Copy the lines below word for word, skipping any image.

*** Input data Section Begins ***

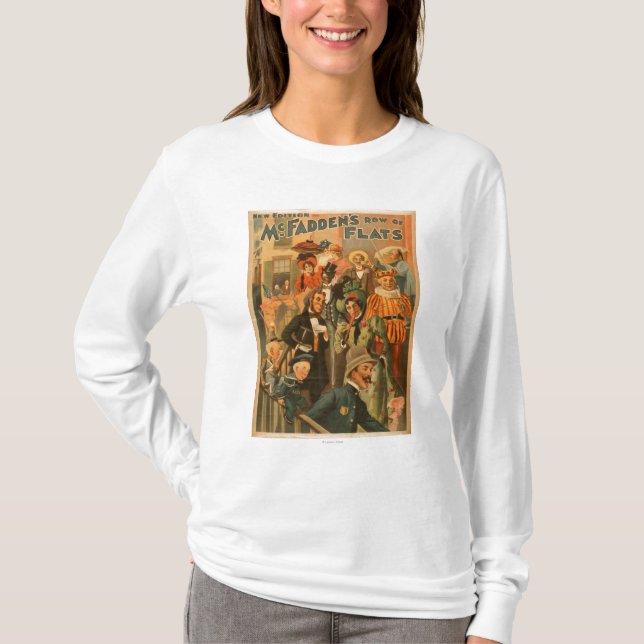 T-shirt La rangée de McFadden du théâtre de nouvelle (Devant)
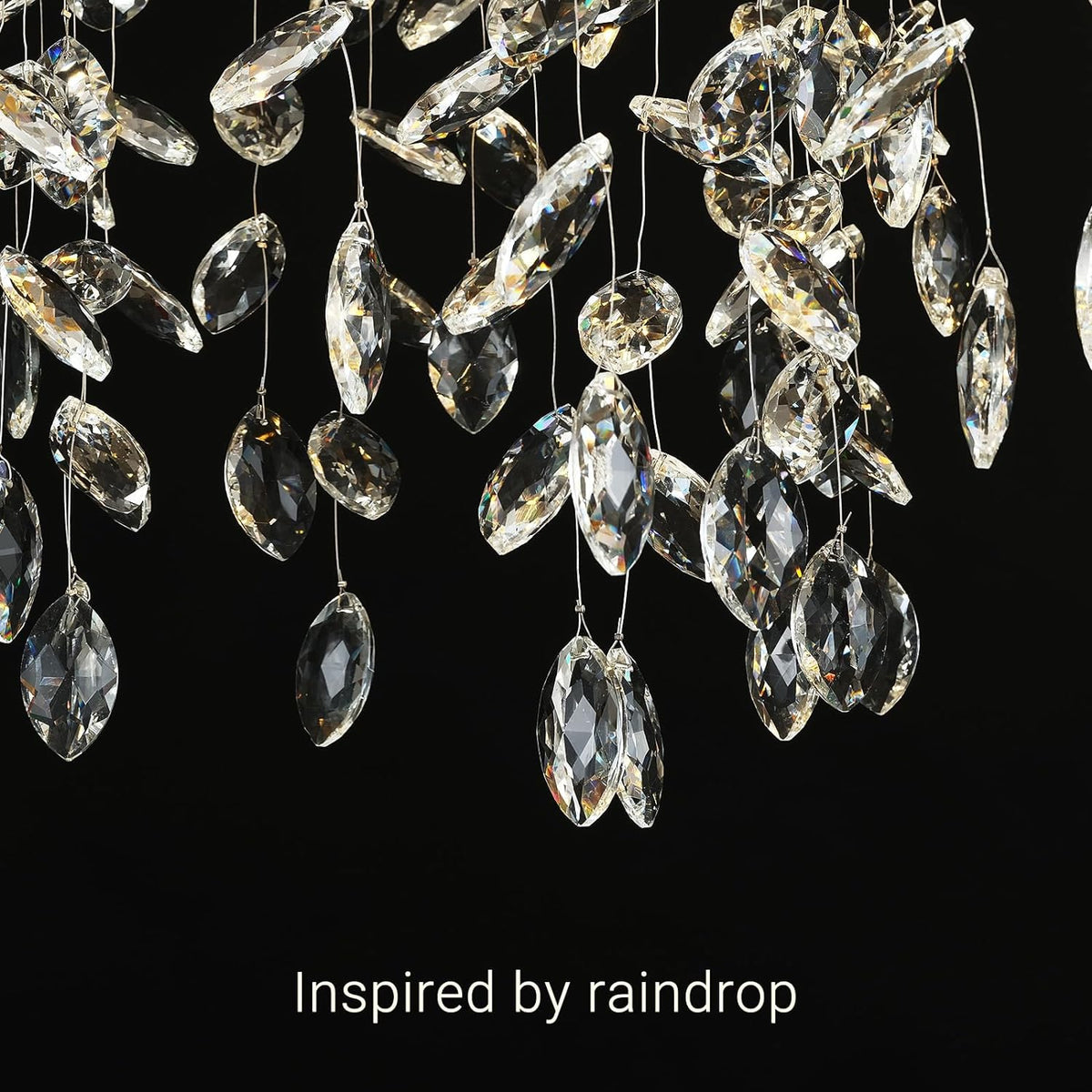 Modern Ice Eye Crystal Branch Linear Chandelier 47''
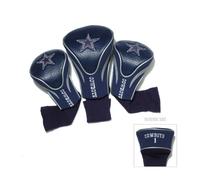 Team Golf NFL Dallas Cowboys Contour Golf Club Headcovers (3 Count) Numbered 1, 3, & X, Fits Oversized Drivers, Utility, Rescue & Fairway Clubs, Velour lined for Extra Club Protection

*** Input data Section Ends ***

* [Expected answer]:
 T-shirt La rangée de McFadden du théâtre de nouvelle (Devant)
 Modern Ice Eye Crystal Branch Linear Chandelier 47''
 Team Golf NFL Dallas Cowboys Contour Golf Club Headcovers (3 Count) Numbered 1, 3, & X, Fits Oversized Drivers, Utility, Rescue & Fairway Clubs, Velour lined for Extra Club Protection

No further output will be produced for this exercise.